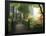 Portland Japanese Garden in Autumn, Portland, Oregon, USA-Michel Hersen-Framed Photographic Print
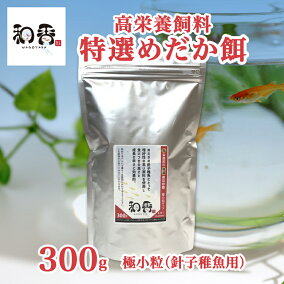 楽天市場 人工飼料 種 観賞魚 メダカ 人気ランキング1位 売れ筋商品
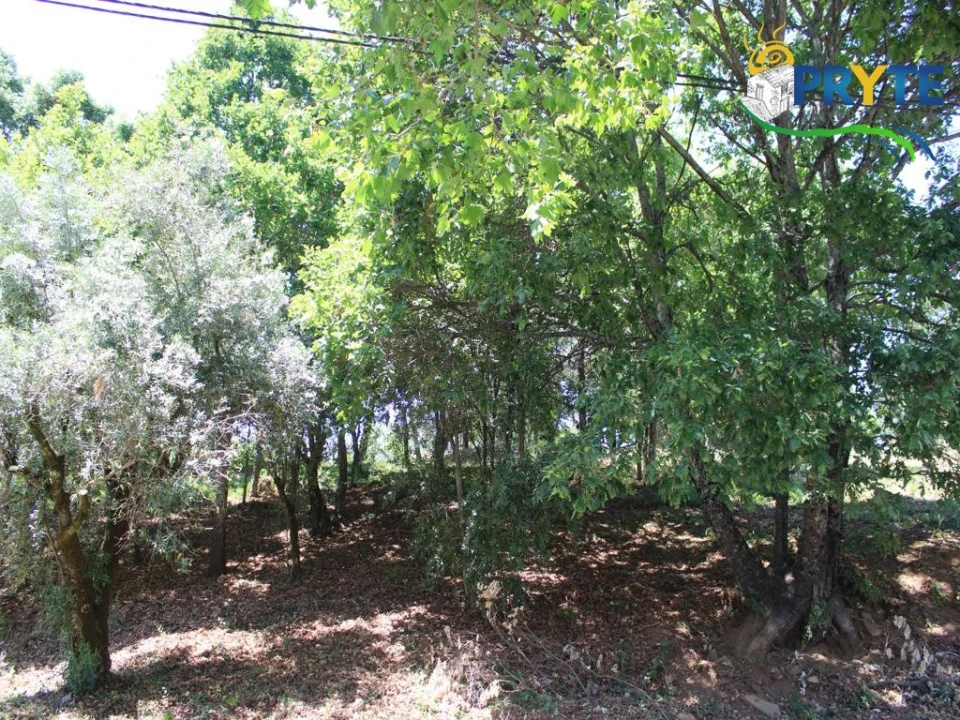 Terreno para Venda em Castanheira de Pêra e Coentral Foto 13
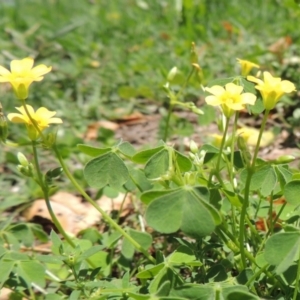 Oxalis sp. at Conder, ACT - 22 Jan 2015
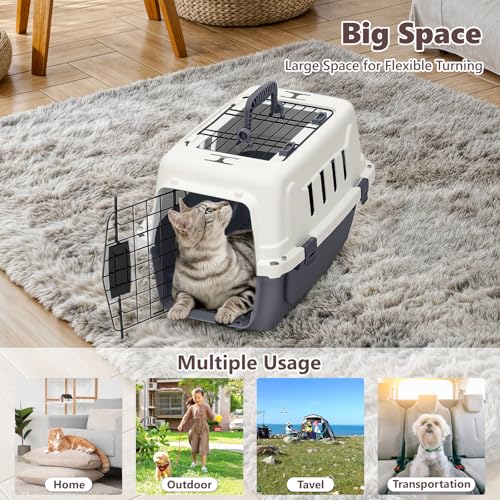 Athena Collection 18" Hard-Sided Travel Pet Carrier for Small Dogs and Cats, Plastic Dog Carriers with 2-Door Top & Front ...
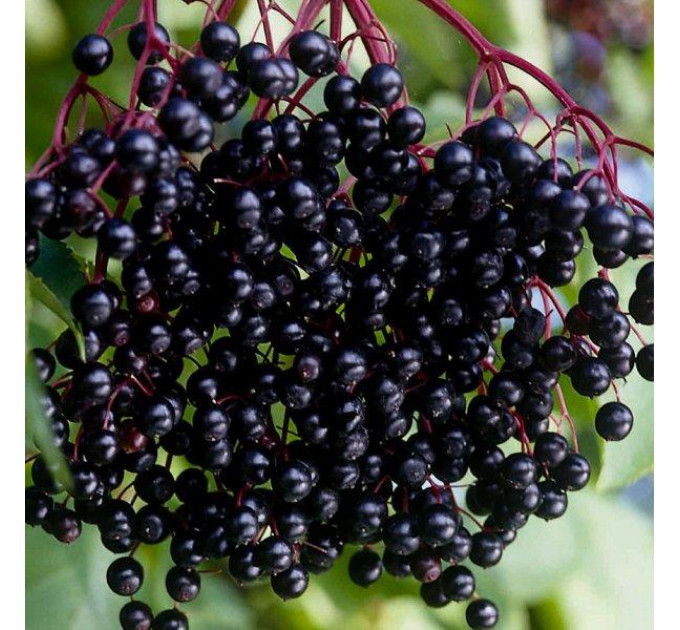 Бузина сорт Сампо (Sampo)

▶ Exercise details: Write the listing out a second time exactly, dropping all images.

▶ Result for this exercise:
 Portland Japanese Garden in Autumn, Portland, Oregon, USA-Michel Hersen-Framed Photographic Print
 楽天市場 人工飼料 種 観賞魚 メダカ 人気ランキング1位 売れ筋商品
 Terreno para Venda em Castanheira de Pêra e Coentral Foto 13
 Oxalis sp. at Conder, ACT - 22 Jan 2015
 Athena Collection 18" Hard-Sided Travel Pet Carrier for Small Dogs and Cats, Plastic Dog Carriers with 2-Door Top & Front ...
 Бузина сорт Сампо (Sampo)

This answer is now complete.